Wednesday 8 December 2010

‘Tis the season for… chaos

When I was a kid every day on the road to Christmas Day felt like an eternity. It was always stinking hot and my little sister (Sister Sledge) and I used to amuse ourselves with activities such as riding our bikes past the neighbours' house on the corner (the only one with the pool in the street) and shouting to each other, “OH, IT’S SOOOOOOO HOT!” in the hope that our passive aggressiveness would yield us a swim in the pool. It usually did! 
And on one particularly long and languid pre-Christmas December Day in the 80s, Sister Sledge and I took the bikes for a spin down to the corner shop to buy craft materials – to cut into miniscule pieces – to create a Mr. Squiggle board game.  Yep, the days were very, very long!
What I don’t remember is when the days switched from being long, hot and languid to frantic, air-conditioned and chaotic? When did I stop lying on my stomach, creating a board game, in the middle of the lounge room for an entire day, and start trying to cram multiple events on every given day in the lead up to Christmas?
I only have one husband and two children and yet I feel like I am project managing a large corporation.

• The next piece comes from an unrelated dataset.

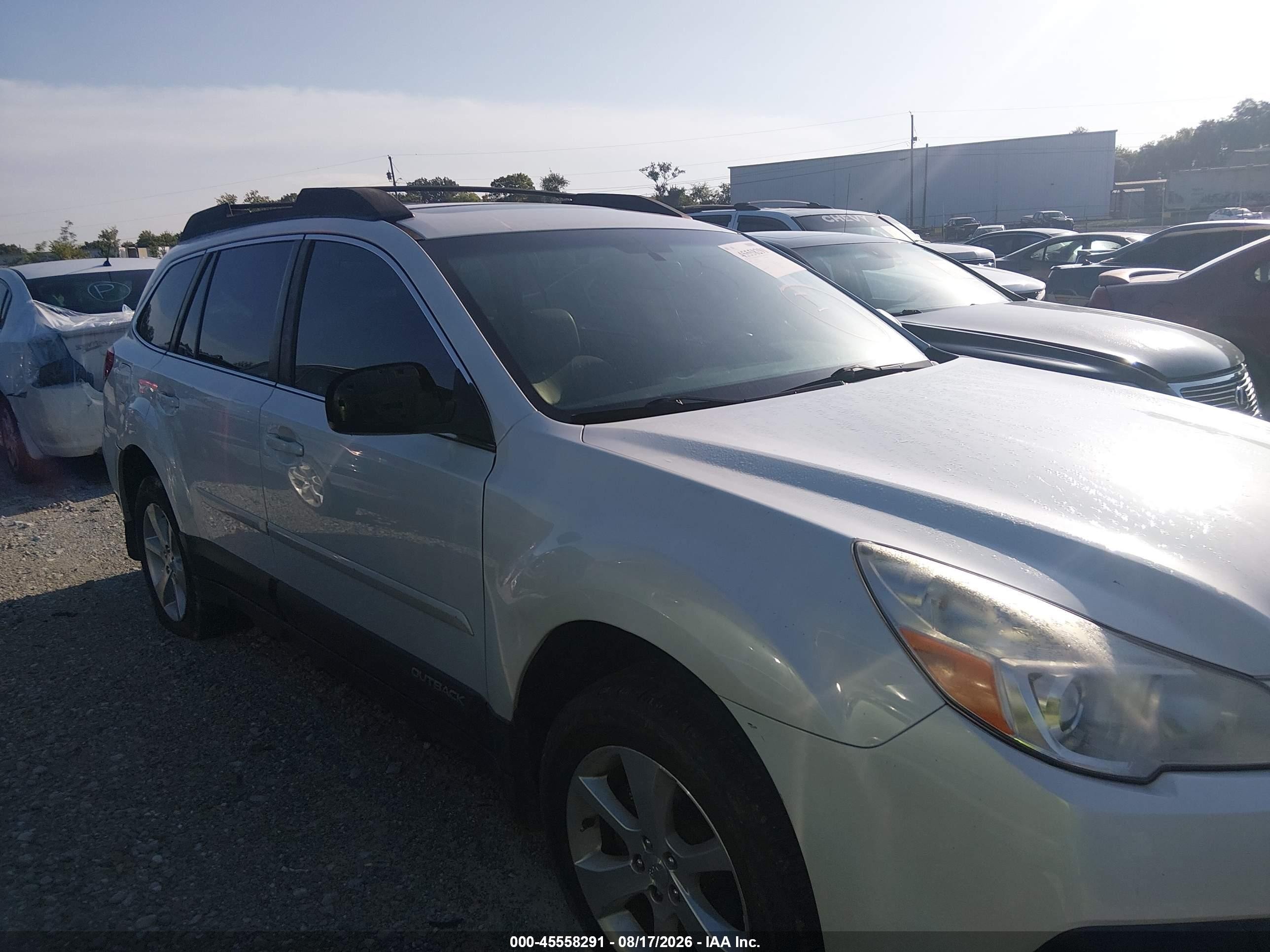2014 Subaru Outback 2.5i Limited White vin: 4S4BRCNC4E3296239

Between my work and Pineman’s work and day care and pre-school and school orientations and birthday parties and Christmas parties and more Christmas parties and Christmas shopping, I am starting to feel like I’m on a conveyor belt which is creeping toward some dark and ominous pit and inside the pit are metres and metres of tinsel and an inflatable Santa.
 I am quite debilitated by the chaos this year. And my coping mechanism seems to be: inane shopping expeditions and popping ibuprofen (in no particular order).

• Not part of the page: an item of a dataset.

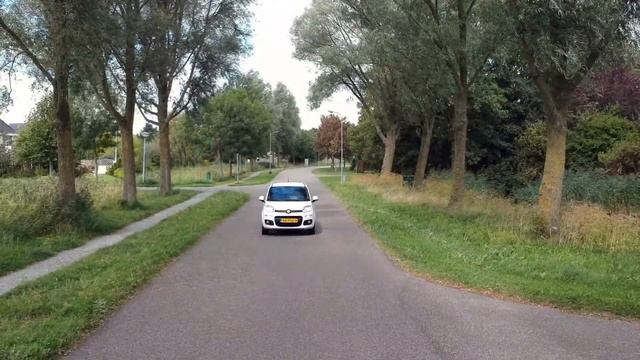 Fiat Panda automaat, je blijft lachen смотреть онлайн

I used to be quite a productive Christmas shopper, but this year, in the small amount of time I have had to shop, I have been faffing about, coming home with random items and forgetting things like the milk.

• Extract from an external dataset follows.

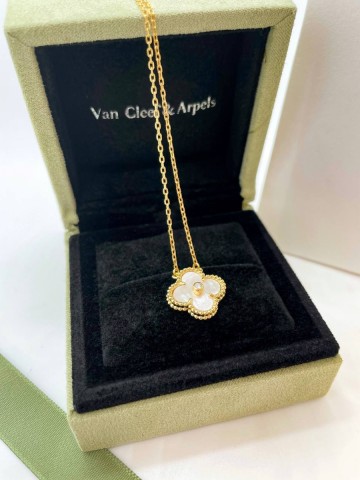 Van Cleef & Arpels подвеска #877807YP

The other day it took me at least 45 minutes to walk from the bike section of Toys R Us to the end of ONE car aisle. It was not a great distance, but this is what I achieved in the process: I bumped into someone I knew and had a chat. Waited whilst The Ranga drove a large plastic car around. Idly threatened said child out of large plastic car. Waited whilst The Ranga AND Miss C drove large plastic cars around. Idly threatened said children out of large plastic cars. Was accosted by woman wanting to know all about electronic guinea pigs. Delivered winning sales pitch to not one but THREE women regarding electronic guinea pigs and up-sold matching accessories. Witnessed a little boy piss himself all over his bewildered father and the floor. Offered all spare wipes, pull-ups and shorts to bewildered father who had a little boy, a baby, a pram and NO nappy bag! Dictated the makes and models of the entire range of Matchbox cars to the eager Ranga, then promptly forgot why I was there and walked out with nothing!    
 I have also found myself getting all antsy when I can’t find particular items, begging shop assistants to just check one more time please, trying to materialise a Jessie and Bullseye (from Toy Story 3) double pack when I know full well that Jessie on her own would be quite adequate. And having loud conversations on my mobile in aisles that sound like this, “DO YOU THINK THE RANGA WOULD LIKE A STAR WARS DOUBLE PACK WITH R2D2 and C3PO WITH A BATTLE DROID HEAD? NO, IT HAS AN INTERCHANGEABLE C3PO HEAD. NO, IT’S NOT FROM THE ORIGINAL TRILOGY, BUT DO YOU THINK HE WOULD LIKE IT??”
If I have achieved nothing else this Christmas, I’m pretty sure I gave the poindexter father in the aisle next to me an erection.
But it’s not really the kids’ presents that pose the greatest problems, it’s all the tricky gifts like those for pre-school teachers and day care teachers and ballet teachers and even when they have been carefully selected, Miss C wants to value add with some homemade craft. I commend her for her thoughtfulness, I really do (season of giving and all). But her idea this year is to make individual paper doily people for her pre-school teachers, which involves glue and pom poms and large paddle pop sticks and cutting and pipe cleaners and oh my GOD, between that and the writing of Christmas cards when she cannot yet write, is causing me to reach for the ibuprofen quicker than Frosty the friggin’ Snowman can meet his demise in the Australian sun.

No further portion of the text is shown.